— TASK GOAL —
The records should be restated exactly from their first line through the line with "Douwe Egberts Omnia" in it.

— RECORDS PROVIDED —
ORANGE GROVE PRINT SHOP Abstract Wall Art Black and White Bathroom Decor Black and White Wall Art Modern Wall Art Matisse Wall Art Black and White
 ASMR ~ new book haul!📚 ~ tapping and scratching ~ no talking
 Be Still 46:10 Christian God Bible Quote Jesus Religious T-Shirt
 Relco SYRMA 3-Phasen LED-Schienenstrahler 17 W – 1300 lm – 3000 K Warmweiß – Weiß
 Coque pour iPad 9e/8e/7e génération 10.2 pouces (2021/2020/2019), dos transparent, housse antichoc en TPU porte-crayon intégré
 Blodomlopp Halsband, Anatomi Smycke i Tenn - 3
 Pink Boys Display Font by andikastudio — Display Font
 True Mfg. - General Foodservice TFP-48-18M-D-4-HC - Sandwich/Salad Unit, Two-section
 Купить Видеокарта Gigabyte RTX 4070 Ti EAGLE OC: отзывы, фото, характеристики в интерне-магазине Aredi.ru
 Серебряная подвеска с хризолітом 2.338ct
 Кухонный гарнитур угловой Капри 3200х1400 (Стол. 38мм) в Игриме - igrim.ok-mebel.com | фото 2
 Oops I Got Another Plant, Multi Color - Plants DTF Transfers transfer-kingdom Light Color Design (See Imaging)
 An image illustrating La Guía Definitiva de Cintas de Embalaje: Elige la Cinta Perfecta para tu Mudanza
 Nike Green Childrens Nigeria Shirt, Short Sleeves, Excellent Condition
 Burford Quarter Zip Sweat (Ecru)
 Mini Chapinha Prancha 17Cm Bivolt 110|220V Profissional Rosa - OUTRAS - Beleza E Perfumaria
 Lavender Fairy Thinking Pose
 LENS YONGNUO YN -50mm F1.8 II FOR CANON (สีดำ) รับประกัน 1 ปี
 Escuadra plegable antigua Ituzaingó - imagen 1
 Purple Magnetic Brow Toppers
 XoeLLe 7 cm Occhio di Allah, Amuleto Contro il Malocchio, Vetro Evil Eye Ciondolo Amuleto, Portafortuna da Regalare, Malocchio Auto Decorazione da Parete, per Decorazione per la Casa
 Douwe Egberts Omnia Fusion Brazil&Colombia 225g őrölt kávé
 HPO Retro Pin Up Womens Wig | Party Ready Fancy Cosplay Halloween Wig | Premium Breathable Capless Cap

— COMPLETED TASK —
ORANGE GROVE PRINT SHOP Abstract Wall Art Black and White Bathroom Decor Black and White Wall Art Modern Wall Art Matisse Wall Art Black and White
 ASMR ~ new book haul!📚 ~ tapping and scratching ~ no talking
 Be Still 46:10 Christian God Bible Quote Jesus Religious T-Shirt
 Relco SYRMA 3-Phasen LED-Schienenstrahler 17 W – 1300 lm – 3000 K Warmweiß – Weiß
 Coque pour iPad 9e/8e/7e génération 10.2 pouces (2021/2020/2019), dos transparent, housse antichoc en TPU porte-crayon intégré
 Blodomlopp Halsband, Anatomi Smycke i Tenn - 3
 Pink Boys Display Font by andikastudio — Display Font
 True Mfg. - General Foodservice TFP-48-18M-D-4-HC - Sandwich/Salad Unit, Two-section
 Купить Видеокарта Gigabyte RTX 4070 Ti EAGLE OC: отзывы, фото, характеристики в интерне-магазине Aredi.ru
 Серебряная подвеска с хризолітом 2.338ct
 Кухонный гарнитур угловой Капри 3200х1400 (Стол. 38мм) в Игриме - igrim.ok-mebel.com | фото 2
 Oops I Got Another Plant, Multi Color - Plants DTF Transfers transfer-kingdom Light Color Design (See Imaging)
 An image illustrating La Guía Definitiva de Cintas de Embalaje: Elige la Cinta Perfecta para tu Mudanza
 Nike Green Childrens Nigeria Shirt, Short Sleeves, Excellent Condition
 Burford Quarter Zip Sweat (Ecru)
 Mini Chapinha Prancha 17Cm Bivolt 110|220V Profissional Rosa - OUTRAS - Beleza E Perfumaria
 Lavender Fairy Thinking Pose
 LENS YONGNUO YN -50mm F1.8 II FOR CANON (สีดำ) รับประกัน 1 ปี
 Escuadra plegable antigua Ituzaingó - imagen 1
 Purple Magnetic Brow Toppers
 XoeLLe 7 cm Occhio di Allah, Amuleto Contro il Malocchio, Vetro Evil Eye Ciondolo Amuleto, Portafortuna da Regalare, Malocchio Auto Decorazione da Parete, per Decorazione per la Casa
 Douwe Egberts Omnia Fusion Brazil&Colombia 225g őrölt kávé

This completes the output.